Where possible, variants that could be prioritised due to limitations of the inclusion lists have been curated and added to the exclusion list. However, some may be missed and prioritised as a result of these limitations.

For inclusion lists which are utilised for prioritising variants based on protein matching, it is not currently distinguished whether a variant has been prioritised by matching a variant or by matching the predicted protein change of a variant. More information can be found in the VRT User Guide.

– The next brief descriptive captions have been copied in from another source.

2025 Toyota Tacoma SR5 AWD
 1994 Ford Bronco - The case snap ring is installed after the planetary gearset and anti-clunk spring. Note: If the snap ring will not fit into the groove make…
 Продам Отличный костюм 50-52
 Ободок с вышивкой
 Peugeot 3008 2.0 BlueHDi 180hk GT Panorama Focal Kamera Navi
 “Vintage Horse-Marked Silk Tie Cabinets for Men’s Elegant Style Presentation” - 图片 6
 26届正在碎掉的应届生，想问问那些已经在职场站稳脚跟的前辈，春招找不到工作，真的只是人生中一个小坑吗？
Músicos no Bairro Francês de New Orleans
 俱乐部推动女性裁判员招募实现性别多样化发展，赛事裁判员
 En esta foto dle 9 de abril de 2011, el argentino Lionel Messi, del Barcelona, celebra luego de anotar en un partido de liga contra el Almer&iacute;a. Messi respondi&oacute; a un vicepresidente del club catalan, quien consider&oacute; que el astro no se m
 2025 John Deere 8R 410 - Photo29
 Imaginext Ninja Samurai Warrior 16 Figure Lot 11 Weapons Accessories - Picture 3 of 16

Protein matching is not restricted by specific transcripts. Variants that match the protein change of a variant in an inclusion list in any annotated transcript can be prioritised. This may result in a variant being prioritised even if it is synonymous on a MANE transcript.

Variants may also be prioritised on the basis of protein matching with a variant on an inclusion list even if the exact variant is annotated as benign, likely benign, or a variant of uncertain significance in an inclusion list. More information about this behaviour can be found in the VRT User Guide and Variant Review SOP.